-- Stored data follows --

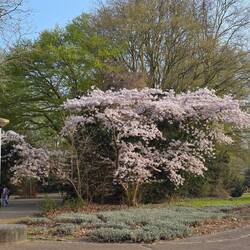 Amstelpark in front of Hotel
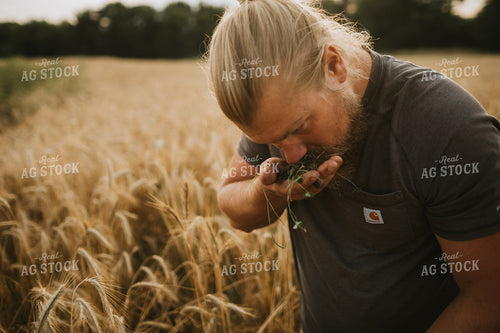 Farmer in Rye Field with Clover 5996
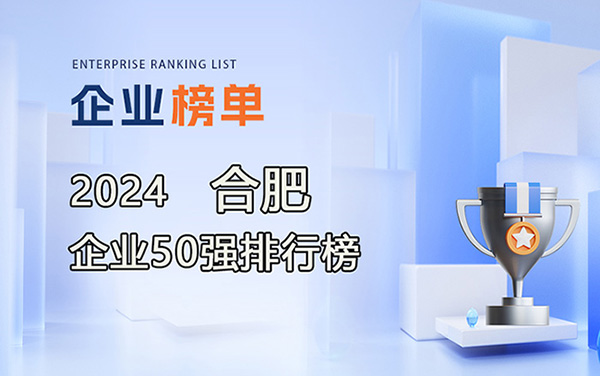 2024合肥企業(yè)50強排行榜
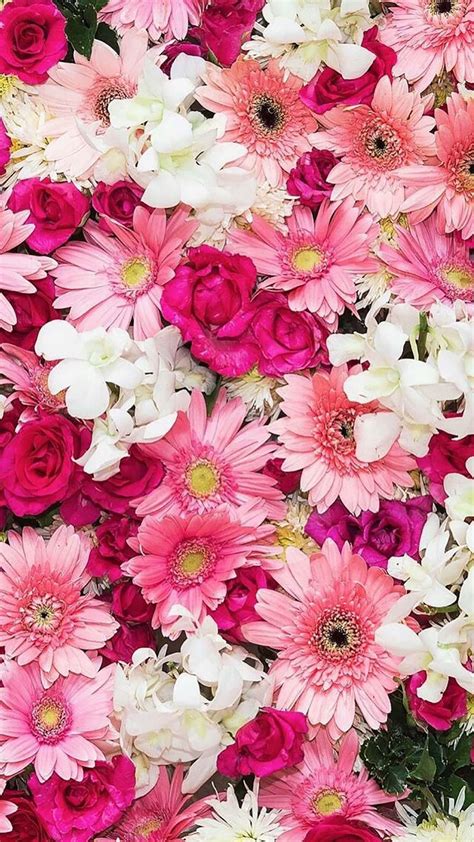 Pretty Pink Flowers Flower Iphone Wallpaper Pink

-- Stored data concluded --

Extract all the data above exactly, excluding every picture.

### Answer below
 Amstelpark in front of Hotel
 Farmer in Rye Field with Clover 5996
 2024合肥企業(yè)50強排行榜
 Pretty Pink Flowers Flower Iphone Wallpaper Pink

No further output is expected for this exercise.